Trip hop has gotten a bad rap. I was there when it became the blandest fodder for the tasteful elite, becoming background music for dinner parties and art openings. Most of its finest practitioners have not only denounced the name (which fits the style perfectly, but more on that later), but have moved on to other styles, attempting to distance themselves from the loping haze of the style they themselves pioneered. Massive Attack's Heligoland was an overguested step in the right direction after the stuttering glitch of 100th Window, Tricky has gone off the rails into critical respectablilty and tasteful irrelevance, Portishead disappeared for a decade before returning with a great album that they have yet to follow up, and Nightmares On Wax have been hit-or-miss, with solid moments next to missteps like 2002's vocals-heavy Mind Elevation. While I agree that market saturation might have instigated a holdoff, what happened to turn this into a musical whipping boy?

Trip hop, the term, has been much derided, but I have to agree with Simon Reynolds' assertion that not only is it a handy shorthand, but it's a highly descriptive term. The hallucinatory spatial disorientation caused by the presentation of mutiple samples with multiple ambiences is grounded by a steady, loping breakbeat, taken from the funky grooves of hip hop's history, then rubberized, tenderized, and left to gather dust. It's psychedelic and resolutely urban - sure it sounds good in the 'burbs, but this is human music for concrete jungles. The edgy darkness of some of the best records make you wonder what's around the corner in the alley, and the soulful samples and oft-present "haunted diva" provide some human reassurance. It's groovy, it's not in a hurry, and it's been known to tickle one's brain and alter their mood. When I find myself listening to Mezzanine on repeat in the grey, rainy late autumn, I know I've got to pull myself out a funk.

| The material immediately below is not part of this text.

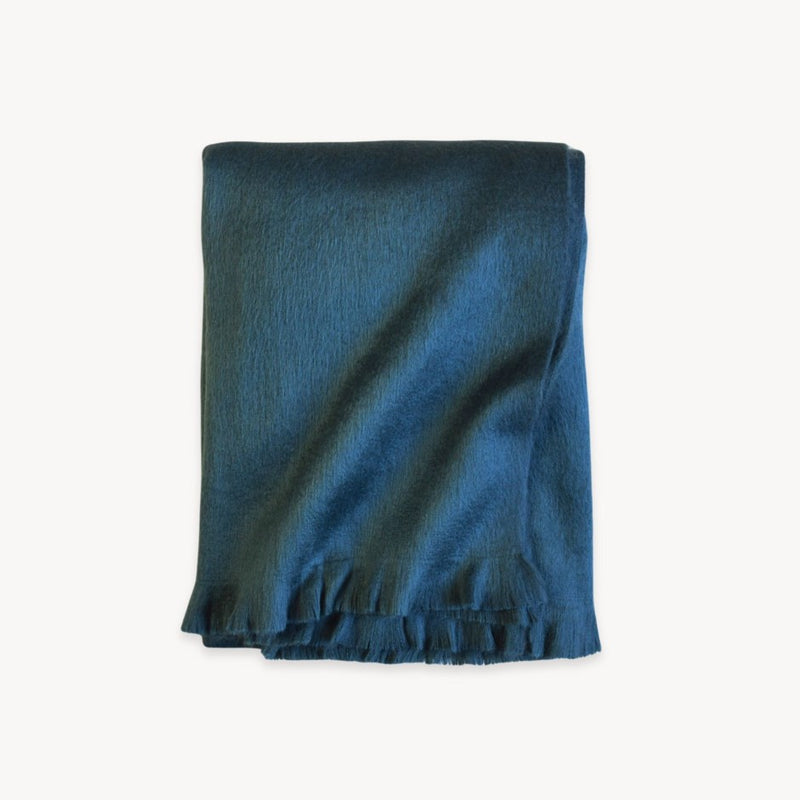 Load image into Gallery viewer, Alpaca Blend Throw in Whale
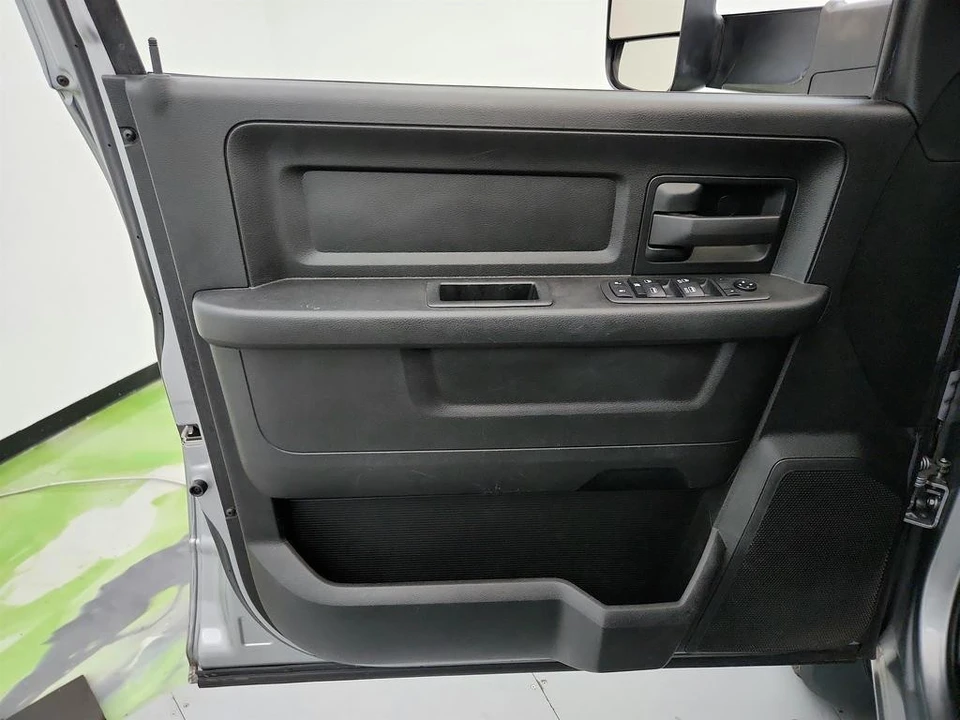 2021 Ram 3500 - Image 19 of 31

What happened? There's always the theory that if it was cool ten years ago, it's lame now, sure. We're in the midst of a DayGlo Revolution, and things have been pretty grim. The economy's in the toilet, the housing market dropped out, unemployment is spiking, nothing is getting done cause everyone's stubborn - this is not the time for a grim 'n' gritty soundtrack. People need to dance their troubles away to popclash or whatever today's irono-disco-new-wave hybrid is. If Maxinquaye were a "major label new release" album today, it would inspire mass suicides, cause that is DARK, man. But for whatever reason it's out of vogue right now, mark my words that some variation of it will be back in a BIG way in a few years.